Dr. Case-Winters suggests that the phrase Ecclesia reformata, semper reformanda has been misused or misinterpreted by Reformed Christians on both ends of the theological spectrum. The Reformers understanding of the phrase was neither conservative nor liberal, but “radical, in the sense of returning to ‘root.’” They believed that the church had become corrupt and wanted to return to a more authentic faith and life. “The cultural assumption of the Reformers’ day,” she notes, “was that what is older is better.”
The notion that older is better is a strange refrain for those Reformed Christians living in a post modern world. Indeed, in a society that encourages innovation and change, that which is traditional might be considered static or regressive. But the Reformed motto, as Dr. Case-Winters points out, challenges both the conservative and liberal impulses that characterize our diverse church today. “It does not,” she writes, “bless either preservation for preservation’s sake or change for change’s sake.” Instead, “it was a change in the interest of preservation and restoration of a more authentic faith and life--a church reformed and always to be reformed according to the Word of God.”
It is the faithfulness of Presbyterians who have been part of the great cloud of witnesses that we celebrate on Reformation Sunday. The ethos of what it means to be a Reformed Christian is embodied in the history of the American Presbyterian experience. Frequently that history reminds us that American Presbyterians have found themselves in disagreement on a variety of complex issues, not the least of which is how we interpret Scripture and the relationship of the church to the broader culture.
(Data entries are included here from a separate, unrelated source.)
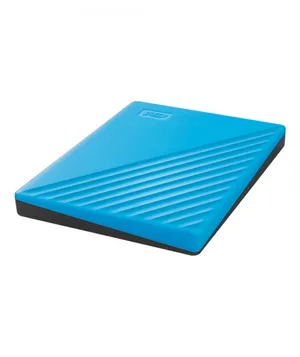 WD MY PASSPORT 2TB PORTABLE BLUE WORLDWIDE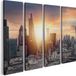 Artaza Canvas Schilderij Vierluik Londen Stad bij Zonsopgang - 80x60 cm - Canvas Print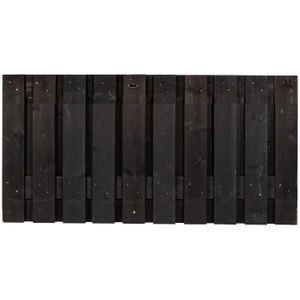 Tuinscherm Garderen zwart grenen 90x180 cm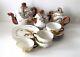 Satsuma Dragon Tea Set Of 15 Hand Painted Japanese Art Porcelain 24K Gold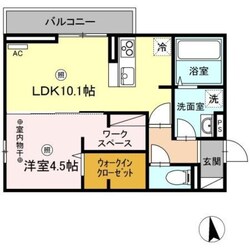 ユニヴェール　F棟の物件間取画像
But that same history is also a testimony to how Presbyterians have struggled to be faithful and maintain the unity of the church despite these differences. The documentary heritage of the American Presbyterian Church that is collected, preserved, and shared at the Presbyterian Historical Society helps Presbyterians understand how Ecclesia reformata, semper reformanda has shaped the story of the American Presbyterian experience, informing past, present, and future generations.